Solo ad agosto e solo per alberghi e ristoranti, sono state autorizzate 44 milioni di ore di cassa integrazione, corrispondenti a 254mila mensilità a tempo pieno. 

Da gennaio a maggio 2020 le assunzioni nei settori turismo e terme si sono ridotte dell’80% per i contratti di lavoro stagionale e del 60% per quelli a tempo determinato. 

Per i prossimi mesi, le previsioni non migliorano: infatti, da agosto a fine anno, il Governo stima una riduzione delle assunzioni nell’ordine del 70%. Un prospettiva disastrosa se si calcola che il turismo è un settore che vale il 13% del PIL nazionale.

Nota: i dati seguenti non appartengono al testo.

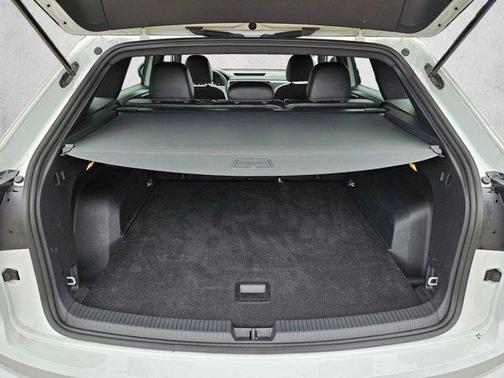 Pyrite Silver Metallic 2022 Volkswagen Atlas Cross Sport 3.6L V6 SE w/Technology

Durante il lockdown pressoché tutte le aziende del settore hanno dovuto sospendere l’attività per quasi tre mesi per legge o sono state costrette a reinventarsi l’attività. Solo gli alberghi avevano la possibilità di rimanere aperti ma, non avendo ospiti, molti hanno dovuto chiudere. Da marzo a maggio 2019 la media mensile dei lavoratori dipendenti nel turismo è stata di 1.262.921 unità. Di queste il 59,8% aveva contratti a tempo indeterminato, e quindi tutelata dal blocco dei licenziamenti, ma il restante 40,2% erano lavoratori con contratto a termine o stagionali. 

Chi ha visto scadere il proprio contratto difficilmente ha trovato altre occasioni d’impiego, specialmente all’interno del settore. Da qui un ulteriore elemento di preoccupazione: la dispersione di competenze e professionalità che rischia di impoverire il settore e compromettere le capacità di ripresa. 

Sebbene gli italiani non abbiano rinunciato del tutto alla vacanza ed abbiano avuto modo di scoprire meglio i propri territori, preoccupa l’approssimarsi dell’autunno. Con la riapertura delle scuole, la stagione estiva è ufficialmente conclusa e il settore non può sostenere i costi di un intero anno con i proventi di appena tre mesi di lavoro. Senza contare poi che mancano all’appello i turisti stranieri, cioè il segmento di mercato a maggior valore aggiunto in termini di spesa. 

Nel 2019 gli occupati dipendenti nel settore turistico sono stati nella media dell’anno 1.300.512, con un aumento rispetto al 2018 del 4,7%. In particolare, si trattava di donne (52,6% sul totale) e i giovani (il 60,1% ha meno di 40 anni). Il turismo, infatti, riesce in quello che nessun Governo riesce mai a fare: far entrare nel mondo del lavoro due delle categorie che storicamente hanno più difficoltà a trovare un’occupazione.